Transcending the College Research Paper

The standard college research paper is quickly outdating and must be substantially overhauled for the digital age.  

The communication and critical skills that such assignments have been designed to produce are ever more necessary today, yet the research paper, as a genre, artificially and unnecessarily confines how students conceive of, conduct, and present their research. It sustains print-based modes of literacy and inquiry that are out of sync with those modes of learning, collaborating, and communicating that have emerged with the new media. The college research paper is an instrument of pre-digital literacy, a legacy format that can and should be transcended.


Transcending traditional writing and research is no simple task. Pre-digital habits run deep. For example, my first draft of this post was much longer, laying out my argument much in the way I've written scholarly articles or how I've taught students to write research papers in the past. Now I know better. I'm not against long and careful arguments, nor do I think the online environment cannot accommodate length and complexity. But one of the key principles for the way knowledge works online (rather than in print) is Release Early, Release Often (a principle we must follow from open source software development as articulated by Eric S. Raymond from his seminal "The Cathedral and the Bazaar"). 
Publish early and often. One should not wait until one has polished -- or even completed -- one's thinking before publishing it. This has to do with the more social nature of digital knowledge. It is better to sketch and launch preliminary ideas and get them circulating than to incubate a more formal work in isolation over the course of weeks or months. 
That principle will be a hard sell for some of my colleagues, but I mean to exemplify digital writing principles as I discuss them. A corollary to this first one is the need to write in briefer, more digestible segments or sessions. As will be shown, this also plays to the importantly social nature of online writing.

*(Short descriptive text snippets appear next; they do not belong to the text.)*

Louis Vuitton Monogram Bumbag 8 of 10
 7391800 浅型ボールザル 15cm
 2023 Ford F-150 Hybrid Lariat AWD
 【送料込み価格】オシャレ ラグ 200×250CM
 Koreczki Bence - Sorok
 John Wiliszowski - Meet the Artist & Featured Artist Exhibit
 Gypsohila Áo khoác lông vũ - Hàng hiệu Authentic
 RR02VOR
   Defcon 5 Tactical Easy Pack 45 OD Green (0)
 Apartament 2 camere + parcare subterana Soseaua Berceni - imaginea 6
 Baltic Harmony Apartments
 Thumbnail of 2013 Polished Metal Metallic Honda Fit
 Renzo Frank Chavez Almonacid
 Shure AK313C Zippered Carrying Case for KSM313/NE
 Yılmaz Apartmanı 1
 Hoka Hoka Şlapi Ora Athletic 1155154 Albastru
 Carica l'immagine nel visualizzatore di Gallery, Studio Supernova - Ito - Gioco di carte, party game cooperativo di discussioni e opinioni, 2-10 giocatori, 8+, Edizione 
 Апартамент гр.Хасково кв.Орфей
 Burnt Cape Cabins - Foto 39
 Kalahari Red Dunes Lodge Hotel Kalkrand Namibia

My next post in this series will be "Defending the Traditional Research Paper," and I will follow that with a post, "The Research Paper as Institution." I hope you'll follow along as I continue my critique of this traditional genre. And I invite your comments at every stage. Do you think the standard research paper is still viable? Do I appear to be overstating things? Is online writing or communication a threat to what research papers have done well? Let me know what you think.

1 comment:

  1. Good points--of course, the big problem is that publishing early and often can lead to shoddy research or thinking. And once its on the web, chances are you won't be able to undue people's initial reading, even if you correct the post. Are you suggesting having a series of posts well-polished and simply releasing them periodically?